# WORK TASK
From the first line to the last, transcribe the data exactly and skip the pictures.

# THE DATA
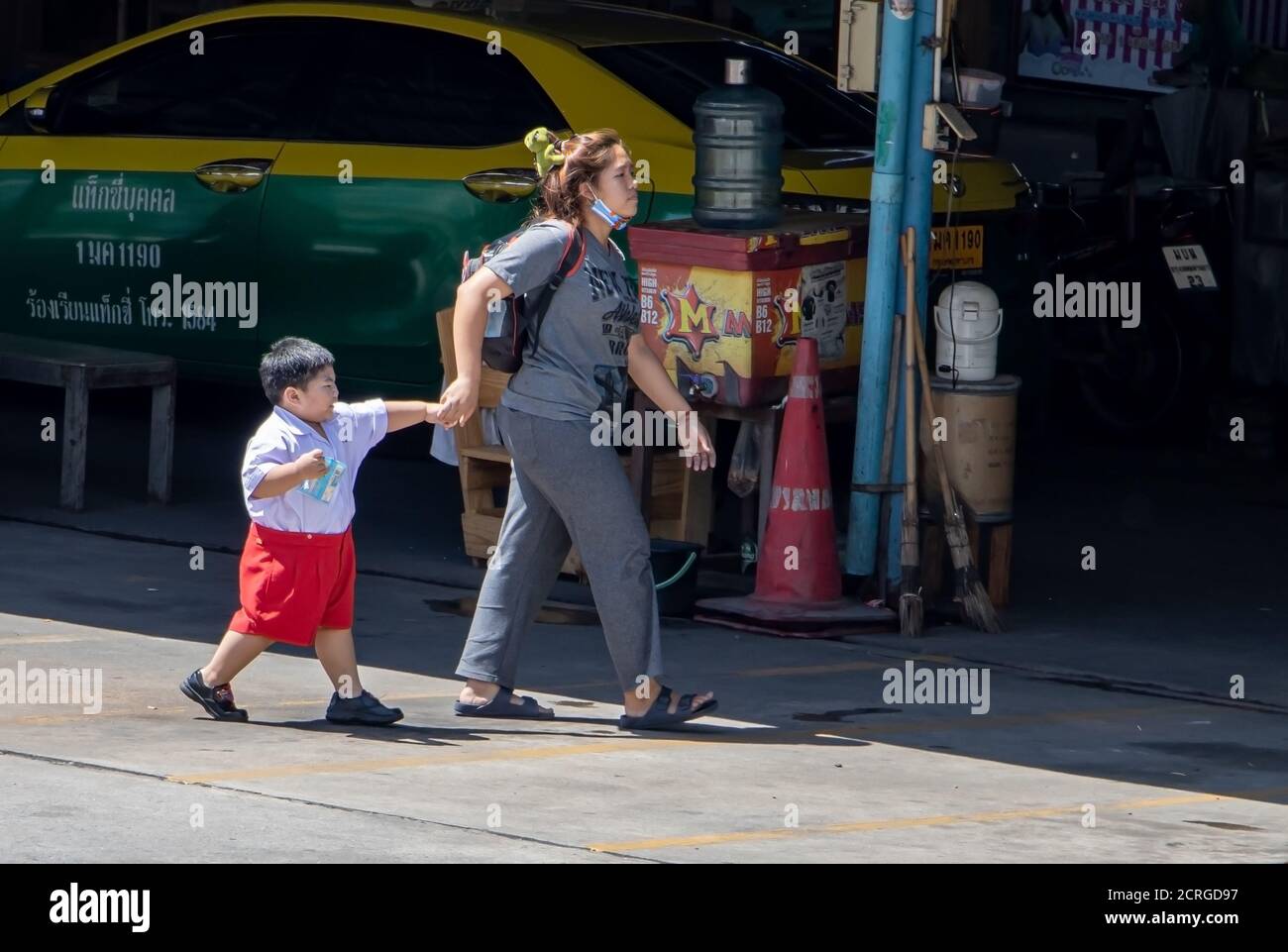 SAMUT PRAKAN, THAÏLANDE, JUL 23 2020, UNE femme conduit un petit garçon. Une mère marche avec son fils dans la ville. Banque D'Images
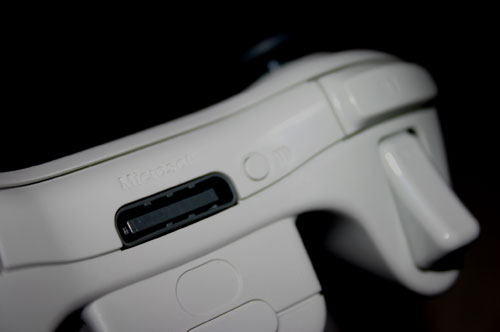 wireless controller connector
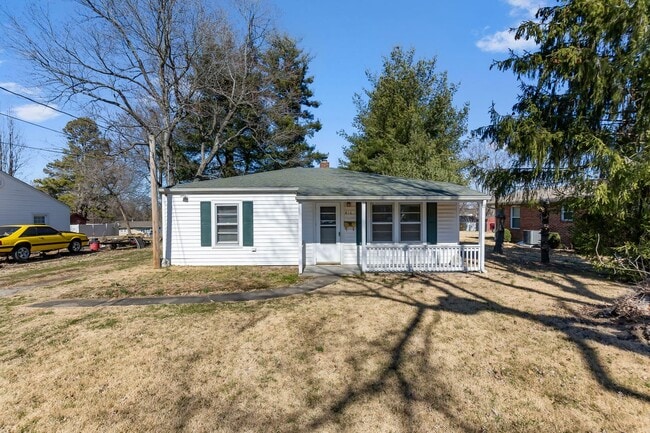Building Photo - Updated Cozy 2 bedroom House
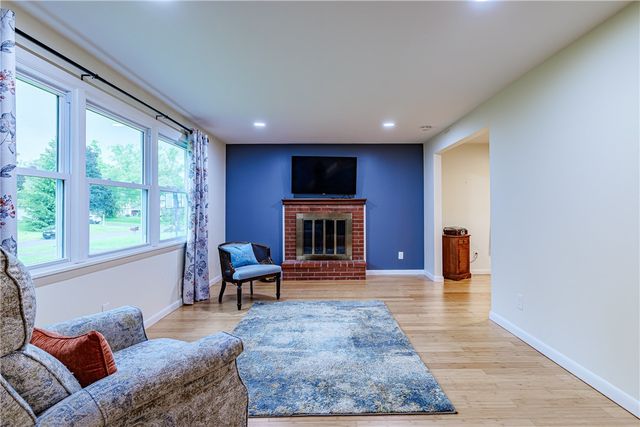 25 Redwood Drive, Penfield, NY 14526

# TASK ANSWER
 SAMUT PRAKAN, THAÏLANDE, JUL 23 2020, UNE femme conduit un petit garçon. Une mère marche avec son fils dans la ville. Banque D'Images
 wireless controller connector
Building Photo - Updated Cozy 2 bedroom House
 25 Redwood Drive, Penfield, NY 14526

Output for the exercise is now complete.